- **TASK DESCRIPTION**:
Your task is to transcribe, word for word, the line containing "Photo - 1432 N Fairfax Ave Unidad 3" and all lines that follow it to the end of the entries. Leave out the pictures.

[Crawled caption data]

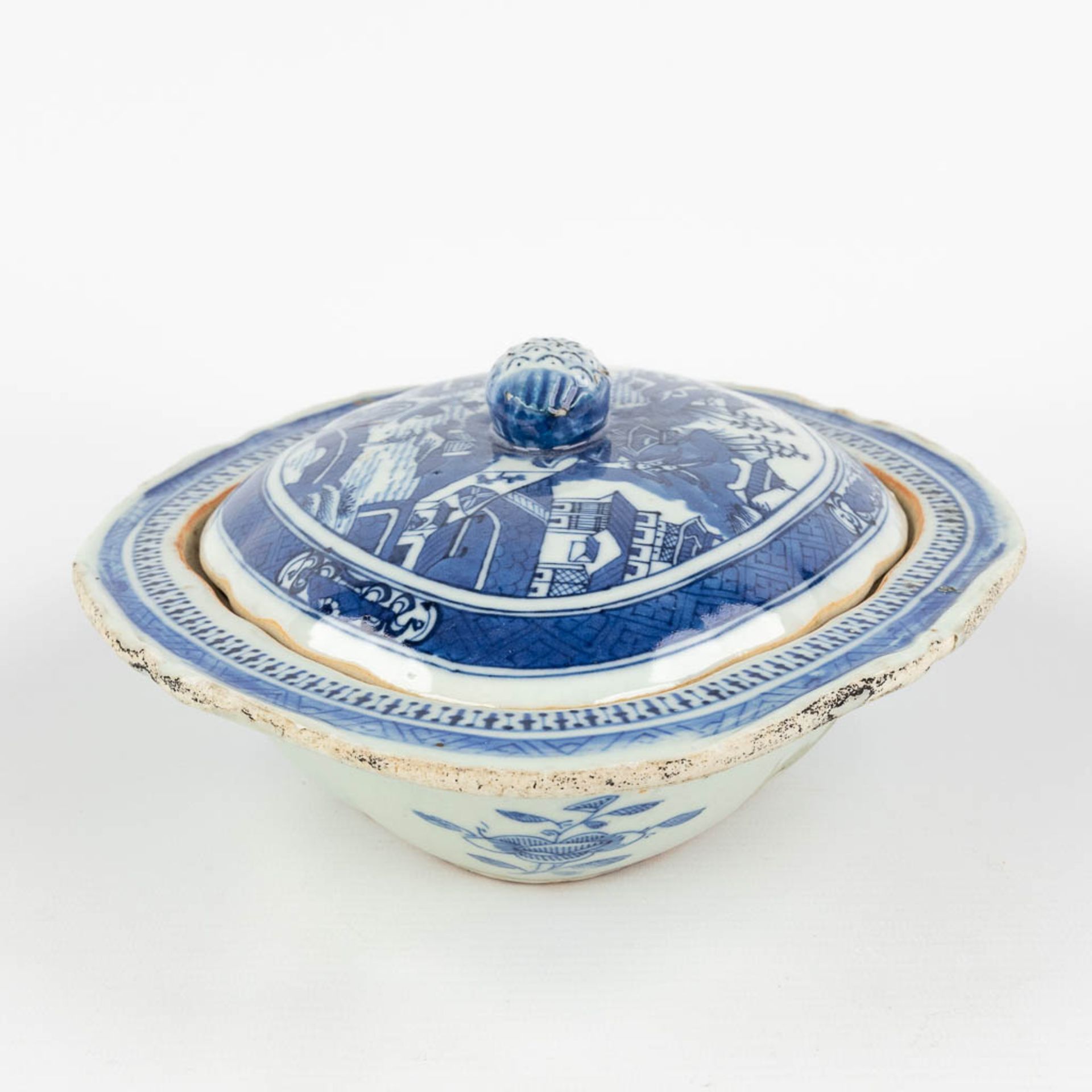 A Chinese bowl with a lid and blue-white landscape decor. 19th C. (L: 21,5 x W: 26,5 x H: 10 cm) - Image 6 of 15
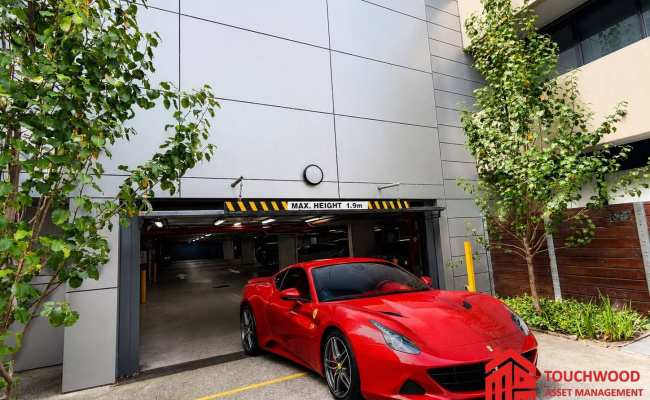Secure Car Park for Rent in South Melbourne 63 Dorcas St (93b)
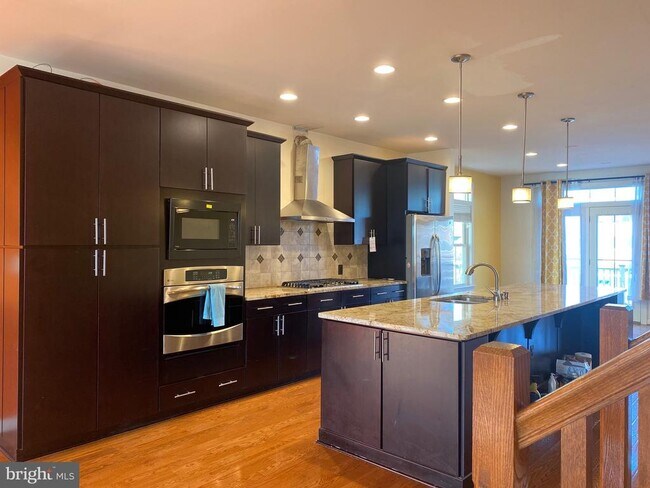 Foto del edificio - 20712 Duxbury Terrace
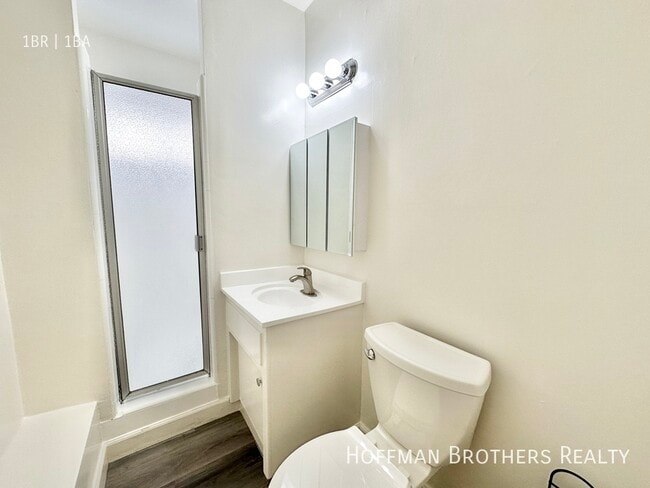 Photo - 1432 N Fairfax Ave Unidad 3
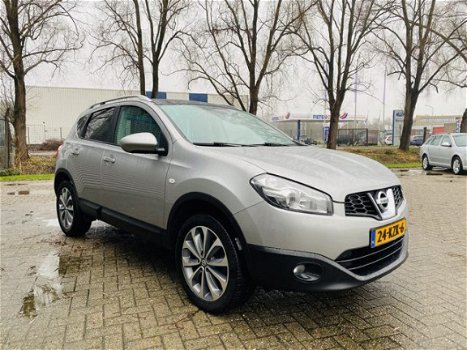 Nissan Qashqai - 2.0 Connect Edition Trekhaak 18 Inch Navigatie Achteruitrijcamera Panoramadak - 1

- **ANSWER BOX**:
 Photo - 1432 N Fairfax Ave Unidad 3
 Nissan Qashqai - 2.0 Connect Edition Trekhaak 18 Inch Navigatie Achteruitrijcamera Panoramadak - 1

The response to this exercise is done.